Is SOBO or OKE better for a retirement portfolio?

For long-horizon retirement investors, ONEOK, Inc.

(OKE) is the stronger choice — it scores higher on the combination of lower volatility, dividend reliability, and long-term compounding (low volatility (β -0. 17), 4. 8% yield, +162. 8% 10Y return). Both have compounded well over 10 years (OKE: +162. 8%, SOBO: +74. 4%), confirming both are viable long-term holds — but the lower-volatility option typically results in less emotional selling during corrections. Retirement portfolios generally favour predictability over maximum returns. Consult a financial advisor before making allocation decisions.

10

What are the main differences between SOBO and OKE?

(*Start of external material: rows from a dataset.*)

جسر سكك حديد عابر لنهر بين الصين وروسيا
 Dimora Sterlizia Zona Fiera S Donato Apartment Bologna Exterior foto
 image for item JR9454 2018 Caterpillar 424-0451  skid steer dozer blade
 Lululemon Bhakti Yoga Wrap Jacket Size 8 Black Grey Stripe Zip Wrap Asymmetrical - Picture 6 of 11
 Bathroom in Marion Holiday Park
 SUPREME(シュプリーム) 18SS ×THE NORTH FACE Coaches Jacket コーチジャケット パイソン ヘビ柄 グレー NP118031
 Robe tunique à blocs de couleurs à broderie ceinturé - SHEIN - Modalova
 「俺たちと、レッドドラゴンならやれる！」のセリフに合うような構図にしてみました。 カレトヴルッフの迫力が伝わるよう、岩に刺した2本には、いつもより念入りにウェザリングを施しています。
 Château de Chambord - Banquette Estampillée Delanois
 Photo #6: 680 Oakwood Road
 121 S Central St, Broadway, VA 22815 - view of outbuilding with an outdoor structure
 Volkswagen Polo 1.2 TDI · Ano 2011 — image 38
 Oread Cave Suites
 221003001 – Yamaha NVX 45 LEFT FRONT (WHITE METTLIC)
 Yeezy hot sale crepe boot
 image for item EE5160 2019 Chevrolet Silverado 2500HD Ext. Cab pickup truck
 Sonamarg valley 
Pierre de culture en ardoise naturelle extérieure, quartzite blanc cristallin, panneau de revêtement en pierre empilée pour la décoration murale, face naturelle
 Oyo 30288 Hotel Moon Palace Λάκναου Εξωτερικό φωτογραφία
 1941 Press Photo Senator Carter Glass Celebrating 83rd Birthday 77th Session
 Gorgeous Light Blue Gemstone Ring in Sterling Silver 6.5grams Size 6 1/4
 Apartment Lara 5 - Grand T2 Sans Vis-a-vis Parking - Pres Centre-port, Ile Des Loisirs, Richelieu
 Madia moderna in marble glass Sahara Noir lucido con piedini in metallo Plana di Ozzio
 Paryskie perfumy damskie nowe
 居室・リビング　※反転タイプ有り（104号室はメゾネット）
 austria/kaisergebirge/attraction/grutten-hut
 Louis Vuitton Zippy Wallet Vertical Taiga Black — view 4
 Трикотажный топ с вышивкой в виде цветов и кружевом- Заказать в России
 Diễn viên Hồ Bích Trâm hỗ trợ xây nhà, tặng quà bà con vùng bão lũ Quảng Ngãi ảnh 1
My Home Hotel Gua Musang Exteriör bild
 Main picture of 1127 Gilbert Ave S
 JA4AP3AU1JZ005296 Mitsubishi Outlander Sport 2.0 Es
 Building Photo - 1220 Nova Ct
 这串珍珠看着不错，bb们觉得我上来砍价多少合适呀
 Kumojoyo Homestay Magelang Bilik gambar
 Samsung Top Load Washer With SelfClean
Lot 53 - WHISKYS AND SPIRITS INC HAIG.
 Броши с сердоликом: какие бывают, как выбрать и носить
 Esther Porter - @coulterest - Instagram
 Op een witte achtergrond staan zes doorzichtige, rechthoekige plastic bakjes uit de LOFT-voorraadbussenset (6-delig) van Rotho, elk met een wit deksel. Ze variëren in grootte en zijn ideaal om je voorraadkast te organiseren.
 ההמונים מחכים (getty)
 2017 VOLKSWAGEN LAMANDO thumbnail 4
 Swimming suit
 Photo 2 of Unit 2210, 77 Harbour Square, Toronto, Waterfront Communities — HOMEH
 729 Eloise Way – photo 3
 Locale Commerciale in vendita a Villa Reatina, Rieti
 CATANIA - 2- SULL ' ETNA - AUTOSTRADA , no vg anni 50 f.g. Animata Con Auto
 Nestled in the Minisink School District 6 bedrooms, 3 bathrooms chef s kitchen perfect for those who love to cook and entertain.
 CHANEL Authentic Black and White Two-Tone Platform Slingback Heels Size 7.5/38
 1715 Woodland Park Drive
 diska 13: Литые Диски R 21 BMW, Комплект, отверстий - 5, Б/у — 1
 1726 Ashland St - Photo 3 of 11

Both stocks operate in the Energy sector, making this a peer-level intra-sector comparison — the same macro tailwinds and headwinds will affect both.

In terms of investment character: SOBO is a small-cap deep-value stock; OKE is a mid-cap high-growth stock. These fundamental differences mean investors should not choose between them on a single metric — the "better stock" depends entirely on which of these characteristics aligns with your investment strategy.